Piqued, Kamal Banerjee , turned around to see the Owl , it was lying in its own sleeper bed, on a similar upper berth. It too wasn't sleeping, instead it was engrossed in reading some voluminous novel titled ' A Man's Determination'.

Deriving insane determination from the title, Kamal said, " It's enough, uncle. You won't finish the book tonight. So, why not turn off the lights and let people sleep?"

The Owl made no reply. It didn't even bother to meet Kamal's angry gaze. It simply read on.

" Do you hear me?" said Kamal, raising his voice, " Switch off the lights! Let people sleep! Please! "

" People are sleeping " replied the Owl, finally, firmly, dismissively.

Kamal knew the Owl was right. Besides him, only one other passenger, a young girl, had been awake. She was sitting in a corner seat, constantly keeping a watch outside the open windows. She looked isolated and gloomy. Apart from her, the other passengers were deep in sleep, some high on snore even. But, Kamal couldn't be so indifferent, for it's a childhood lacuna of his that he can't doze off under the lights.

" It's 2 am, uncle!" said Kamal, not bothering to sound sober, " This ain't your private library, this is a public train, please switch off the lights and let me sleep. I need to wake up early! Do you hear me?"

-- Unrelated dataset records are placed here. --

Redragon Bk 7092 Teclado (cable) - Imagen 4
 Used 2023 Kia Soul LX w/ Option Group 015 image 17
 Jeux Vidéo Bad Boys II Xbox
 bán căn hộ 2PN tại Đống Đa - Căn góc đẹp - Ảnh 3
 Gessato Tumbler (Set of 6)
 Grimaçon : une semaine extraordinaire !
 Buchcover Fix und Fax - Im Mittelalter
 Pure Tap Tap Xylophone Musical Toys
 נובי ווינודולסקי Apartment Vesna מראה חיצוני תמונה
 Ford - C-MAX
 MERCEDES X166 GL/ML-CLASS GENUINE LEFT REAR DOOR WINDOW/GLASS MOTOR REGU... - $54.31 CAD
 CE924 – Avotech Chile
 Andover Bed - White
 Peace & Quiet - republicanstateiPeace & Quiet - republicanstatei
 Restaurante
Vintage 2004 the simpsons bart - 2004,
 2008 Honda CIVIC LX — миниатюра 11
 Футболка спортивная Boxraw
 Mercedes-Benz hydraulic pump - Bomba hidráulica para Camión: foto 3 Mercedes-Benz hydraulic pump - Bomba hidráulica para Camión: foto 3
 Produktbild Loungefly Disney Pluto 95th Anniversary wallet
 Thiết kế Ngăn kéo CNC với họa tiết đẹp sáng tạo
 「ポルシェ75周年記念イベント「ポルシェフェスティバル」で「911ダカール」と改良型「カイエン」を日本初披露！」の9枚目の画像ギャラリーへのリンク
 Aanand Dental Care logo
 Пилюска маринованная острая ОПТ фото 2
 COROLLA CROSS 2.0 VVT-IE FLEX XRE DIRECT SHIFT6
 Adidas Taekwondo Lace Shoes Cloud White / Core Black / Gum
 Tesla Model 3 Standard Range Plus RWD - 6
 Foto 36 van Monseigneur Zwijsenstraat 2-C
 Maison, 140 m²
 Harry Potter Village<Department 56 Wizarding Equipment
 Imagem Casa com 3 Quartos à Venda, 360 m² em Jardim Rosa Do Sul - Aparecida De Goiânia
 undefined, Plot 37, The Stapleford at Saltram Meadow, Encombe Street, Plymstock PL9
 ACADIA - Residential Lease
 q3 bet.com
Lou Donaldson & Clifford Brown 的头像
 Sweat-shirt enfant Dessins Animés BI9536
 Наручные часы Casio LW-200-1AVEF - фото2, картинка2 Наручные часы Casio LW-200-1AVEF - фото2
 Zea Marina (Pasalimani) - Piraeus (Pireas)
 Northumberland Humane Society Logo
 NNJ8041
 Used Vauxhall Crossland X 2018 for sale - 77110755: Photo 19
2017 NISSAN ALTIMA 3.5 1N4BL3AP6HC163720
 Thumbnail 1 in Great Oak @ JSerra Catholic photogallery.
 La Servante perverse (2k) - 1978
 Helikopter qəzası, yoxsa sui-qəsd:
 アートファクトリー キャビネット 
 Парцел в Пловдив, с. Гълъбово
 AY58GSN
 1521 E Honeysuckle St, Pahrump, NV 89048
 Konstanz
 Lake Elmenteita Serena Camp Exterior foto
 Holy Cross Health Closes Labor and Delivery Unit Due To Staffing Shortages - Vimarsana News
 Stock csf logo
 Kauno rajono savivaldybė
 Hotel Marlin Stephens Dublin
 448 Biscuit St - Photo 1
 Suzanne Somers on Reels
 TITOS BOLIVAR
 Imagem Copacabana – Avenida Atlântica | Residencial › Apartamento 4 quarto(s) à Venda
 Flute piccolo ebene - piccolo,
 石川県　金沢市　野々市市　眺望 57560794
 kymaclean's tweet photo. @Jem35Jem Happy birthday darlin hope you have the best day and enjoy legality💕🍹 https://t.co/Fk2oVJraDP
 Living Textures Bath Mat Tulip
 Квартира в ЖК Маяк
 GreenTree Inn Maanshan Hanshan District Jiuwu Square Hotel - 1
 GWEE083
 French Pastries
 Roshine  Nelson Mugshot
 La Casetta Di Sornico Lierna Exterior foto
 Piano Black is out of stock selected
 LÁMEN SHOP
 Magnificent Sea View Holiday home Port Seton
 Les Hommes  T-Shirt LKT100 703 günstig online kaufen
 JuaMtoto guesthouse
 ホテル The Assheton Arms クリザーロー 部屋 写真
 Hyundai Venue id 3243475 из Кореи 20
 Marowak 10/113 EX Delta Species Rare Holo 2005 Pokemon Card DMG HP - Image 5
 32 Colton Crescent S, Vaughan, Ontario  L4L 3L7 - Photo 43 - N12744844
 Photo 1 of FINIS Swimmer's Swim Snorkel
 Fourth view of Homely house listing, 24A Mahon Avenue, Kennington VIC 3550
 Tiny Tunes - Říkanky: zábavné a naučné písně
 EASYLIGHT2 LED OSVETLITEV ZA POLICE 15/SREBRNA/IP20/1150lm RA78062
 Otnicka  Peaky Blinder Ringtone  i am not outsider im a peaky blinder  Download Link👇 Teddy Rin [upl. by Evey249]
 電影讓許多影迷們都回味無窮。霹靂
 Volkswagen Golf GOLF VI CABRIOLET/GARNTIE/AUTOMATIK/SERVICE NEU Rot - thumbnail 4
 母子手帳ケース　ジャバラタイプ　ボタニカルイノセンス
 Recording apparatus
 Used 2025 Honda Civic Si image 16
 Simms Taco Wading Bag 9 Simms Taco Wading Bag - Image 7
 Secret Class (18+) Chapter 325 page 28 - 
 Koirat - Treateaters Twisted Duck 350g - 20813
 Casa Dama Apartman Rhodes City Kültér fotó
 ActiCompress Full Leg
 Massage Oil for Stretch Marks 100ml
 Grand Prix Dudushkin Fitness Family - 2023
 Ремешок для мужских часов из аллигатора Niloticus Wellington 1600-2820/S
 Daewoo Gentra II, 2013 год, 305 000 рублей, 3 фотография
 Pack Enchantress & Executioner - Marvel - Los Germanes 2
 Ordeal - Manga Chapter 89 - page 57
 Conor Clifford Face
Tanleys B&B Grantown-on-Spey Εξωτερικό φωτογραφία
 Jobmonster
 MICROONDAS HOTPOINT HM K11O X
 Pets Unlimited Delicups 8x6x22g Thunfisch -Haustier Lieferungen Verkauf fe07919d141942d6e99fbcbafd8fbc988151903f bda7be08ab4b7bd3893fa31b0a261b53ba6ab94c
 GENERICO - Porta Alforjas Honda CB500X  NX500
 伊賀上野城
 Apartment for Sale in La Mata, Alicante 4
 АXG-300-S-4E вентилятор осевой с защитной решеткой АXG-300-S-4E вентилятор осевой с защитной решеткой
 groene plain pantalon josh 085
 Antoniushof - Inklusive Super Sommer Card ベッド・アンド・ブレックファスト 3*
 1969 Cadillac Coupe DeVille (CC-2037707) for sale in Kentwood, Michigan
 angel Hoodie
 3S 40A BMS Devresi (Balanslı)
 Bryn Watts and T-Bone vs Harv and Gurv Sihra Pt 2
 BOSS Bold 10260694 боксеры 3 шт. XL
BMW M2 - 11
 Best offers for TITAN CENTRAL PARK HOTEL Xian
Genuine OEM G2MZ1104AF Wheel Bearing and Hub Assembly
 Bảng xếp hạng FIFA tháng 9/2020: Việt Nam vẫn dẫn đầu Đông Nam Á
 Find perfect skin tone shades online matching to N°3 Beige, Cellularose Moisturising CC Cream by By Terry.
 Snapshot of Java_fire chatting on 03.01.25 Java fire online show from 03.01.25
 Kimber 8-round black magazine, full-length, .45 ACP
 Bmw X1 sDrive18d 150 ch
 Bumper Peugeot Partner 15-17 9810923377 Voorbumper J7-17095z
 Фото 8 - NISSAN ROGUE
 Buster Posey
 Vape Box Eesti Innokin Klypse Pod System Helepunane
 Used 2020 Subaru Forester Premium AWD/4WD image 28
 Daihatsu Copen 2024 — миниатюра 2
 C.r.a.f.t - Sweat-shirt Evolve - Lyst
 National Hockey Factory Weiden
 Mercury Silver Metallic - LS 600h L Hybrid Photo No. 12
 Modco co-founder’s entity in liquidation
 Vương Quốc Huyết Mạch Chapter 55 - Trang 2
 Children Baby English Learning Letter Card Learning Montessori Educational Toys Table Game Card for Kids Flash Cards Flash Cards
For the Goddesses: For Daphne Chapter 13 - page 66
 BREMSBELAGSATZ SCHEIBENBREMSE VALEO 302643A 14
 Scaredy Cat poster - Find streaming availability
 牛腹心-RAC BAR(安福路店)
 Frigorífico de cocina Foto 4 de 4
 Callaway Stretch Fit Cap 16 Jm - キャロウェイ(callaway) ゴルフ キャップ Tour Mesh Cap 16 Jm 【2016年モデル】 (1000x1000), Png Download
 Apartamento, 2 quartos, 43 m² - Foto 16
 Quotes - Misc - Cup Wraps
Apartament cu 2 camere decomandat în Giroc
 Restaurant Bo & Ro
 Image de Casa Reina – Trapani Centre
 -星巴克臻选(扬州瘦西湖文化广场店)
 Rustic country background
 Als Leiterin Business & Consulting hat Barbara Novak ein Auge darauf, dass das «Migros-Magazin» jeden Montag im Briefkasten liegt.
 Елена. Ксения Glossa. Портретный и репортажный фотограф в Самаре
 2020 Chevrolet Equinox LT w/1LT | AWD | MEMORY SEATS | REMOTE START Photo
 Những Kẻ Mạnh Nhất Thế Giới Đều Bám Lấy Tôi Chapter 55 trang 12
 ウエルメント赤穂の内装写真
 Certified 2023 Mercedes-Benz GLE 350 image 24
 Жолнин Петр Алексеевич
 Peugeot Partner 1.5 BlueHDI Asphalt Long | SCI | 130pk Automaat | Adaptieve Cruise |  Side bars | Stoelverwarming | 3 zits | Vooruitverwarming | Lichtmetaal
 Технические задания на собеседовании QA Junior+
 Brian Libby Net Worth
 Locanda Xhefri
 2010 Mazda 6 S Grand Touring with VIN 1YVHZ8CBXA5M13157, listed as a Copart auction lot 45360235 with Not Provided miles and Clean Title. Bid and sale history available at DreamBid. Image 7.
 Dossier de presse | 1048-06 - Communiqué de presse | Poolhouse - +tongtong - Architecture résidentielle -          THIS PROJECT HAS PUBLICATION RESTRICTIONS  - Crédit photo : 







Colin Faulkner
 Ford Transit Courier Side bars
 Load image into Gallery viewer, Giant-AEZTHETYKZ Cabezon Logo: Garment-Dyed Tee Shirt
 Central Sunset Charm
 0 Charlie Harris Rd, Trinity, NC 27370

Silence again. No words. Only reading.

Disgusted, Kamal made up his mind not to dwell on words, instead he proceeded to turn the switches off on his own, but no sooner did he dip his head inside the blanket, feeling satisfied about the darkness he had created, the lights came back on, courtesy the Owl.

Having had enough, Kamal immediately sat up and turned towards the Owl.He saw two cold, crooked, piercing eyes looking at him , measuring him up.

" Where's your stop?" the owl asked, an air of roguery unmistakable in the voice.

" Asansol" replied Kamal, " The stop is at 7 in the morning, so I need sleep!"

" Do you know who my son is?" asked the owl, a dangerous calm in his voice. His face was turned towards Kamal but his hands still held onto the novel.

" Who?" said Kamal, quite roughly.

" That's none of your business" said the owl, its eyes didn't blink " But take it from me, if I give my son a call, there will be trouble for you at 7 "

" What do you mean?" said Kamal

" Again, that's none of your business" said the Owl, its voice shrill, almost hissing" Just know my son loves his father "

The Owl smiled wickedly. It held Kamal in its fixed gaze for a few seconds before turning his face away and renew reading.

Kamal kept on staring at the Owl. No, he wasn't afraid, still ...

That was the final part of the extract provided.